Feeling Good is the Reward

Mark has been talking a lot this week about our tendency to quit just as the horse softens. A lot of us have been taught to quit frequently as an antidote to the all-too-common tendency to just keep asking more and more of our horses: we are trying, by quitting, to give our horses a reward/release for doing what we ask.

But Mark has been showing us how little sense this makes from the horse's perspective. We ask them to soften and then we just kind of drop them. It would be like going up to a dance partner, smiling, getting in a nice comfortable frame with them and then stopping before you ever start dancing.

I think that that's the key right there. We are not thinking about our horse time as dancing.
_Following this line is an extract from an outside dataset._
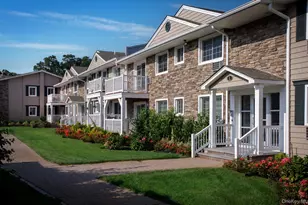 28 Williams Blvd, Lake Grove, NY 11755 - Photo 3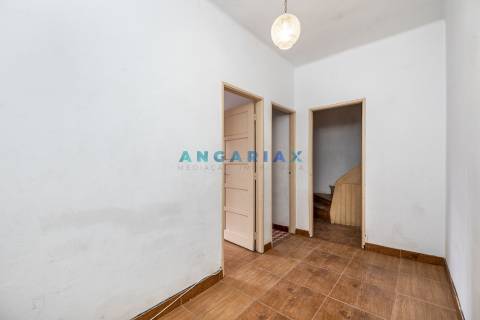 ANG1355 - Moradia T2 para Venda em Porto de Mós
We are thinking about it as training.

And looked at from a training mentality, we are asking our horses to do things that are, on some level and to some degree, challenging for them. So we don't want to ask too much and we want to give them a big reward when they do it well. And those are both good things to bear in mind.

But what if, as Mark said of his border collie Ring, the reward is to do things with them?

It's true that if we just want our horses to "do stuff" and if we are doing things with our horses without softness and awareness it probably does feel like work to them and the only reward they'll be interested in is getting to quit. 

But if we really are thinking of our horses as dance partners--if we're interested above all in finding that space where we both feel good moving together--then why not, you know, dance?